Collected material:
BEGIN
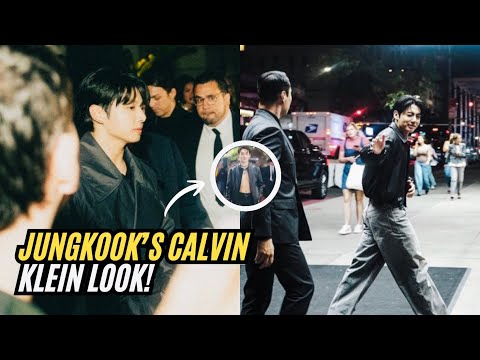 Видео: Почему образ Чонгука в Calvin Klein взорвал интернет – раскрываем секреты моды!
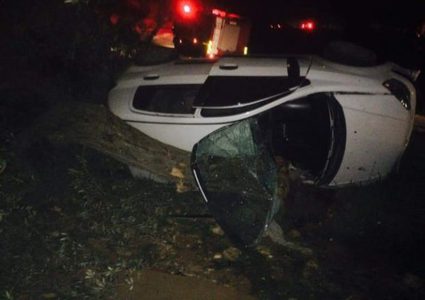 4 إصابات في حادث سير غرب رام الله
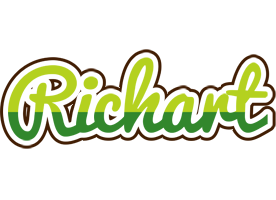 Richart golfing logo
END
What is required:
Set the entire listing down again, exact in every line, without any pictures.

Written solution:
 Видео: Почему образ Чонгука в Calvin Klein взорвал интернет – раскрываем секреты моды!
 4 إصابات في حادث سير غرب رام الله
 Richart golfing logo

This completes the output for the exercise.